Data shown
◇ ◇ ◇

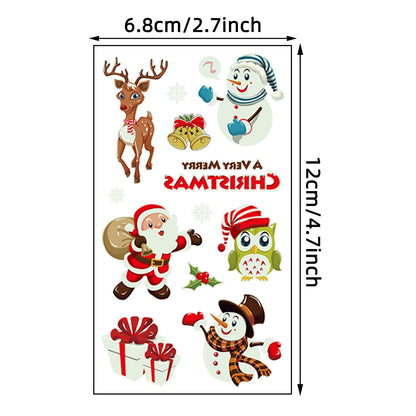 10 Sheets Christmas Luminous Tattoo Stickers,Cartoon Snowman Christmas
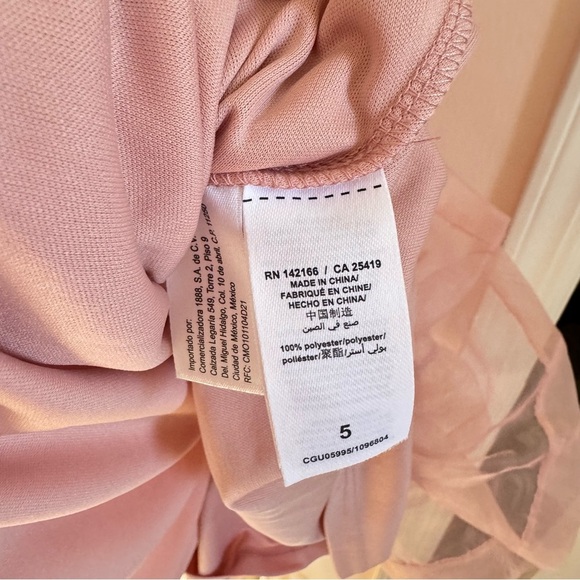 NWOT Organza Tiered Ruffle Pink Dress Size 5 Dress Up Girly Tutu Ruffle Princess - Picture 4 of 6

◇ ◇ ◇

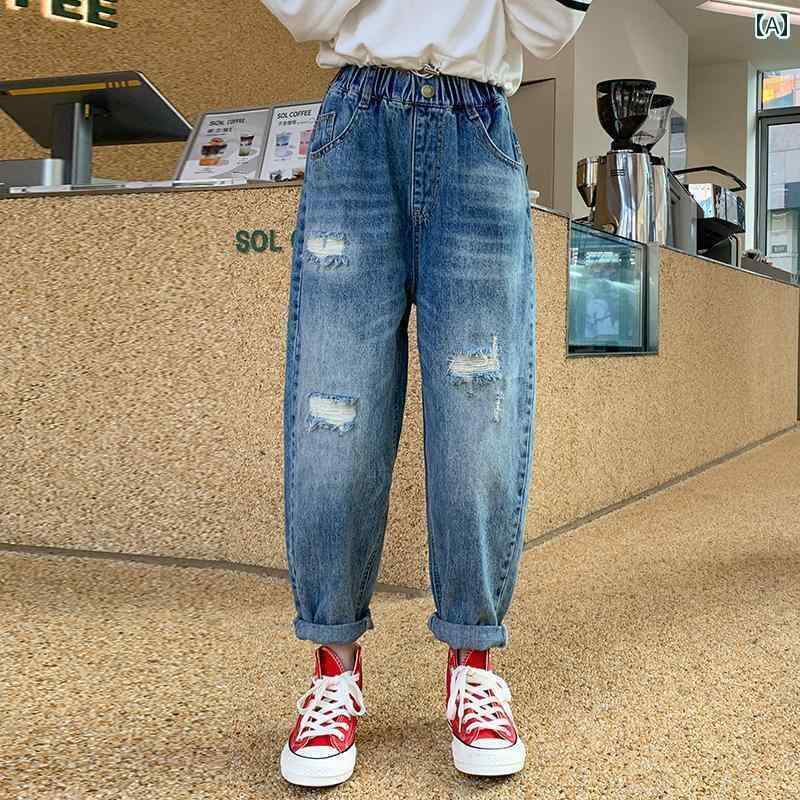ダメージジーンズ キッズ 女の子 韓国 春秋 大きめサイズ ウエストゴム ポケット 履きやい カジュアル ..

◇ ◇ ◇

Required work
Only one part of the listing is wanted: the lines from the one containing "10 Sheets Christmas" through the one containing "NWOT Organza Tiered", both included. Please transcribe it exactly, leaving out the pictures.

Response to this task
 10 Sheets Christmas Luminous Tattoo Stickers,Cartoon Snowman Christmas
 NWOT Organza Tiered Ruffle Pink Dress Size 5 Dress Up Girly Tutu Ruffle Princess - Picture 4 of 6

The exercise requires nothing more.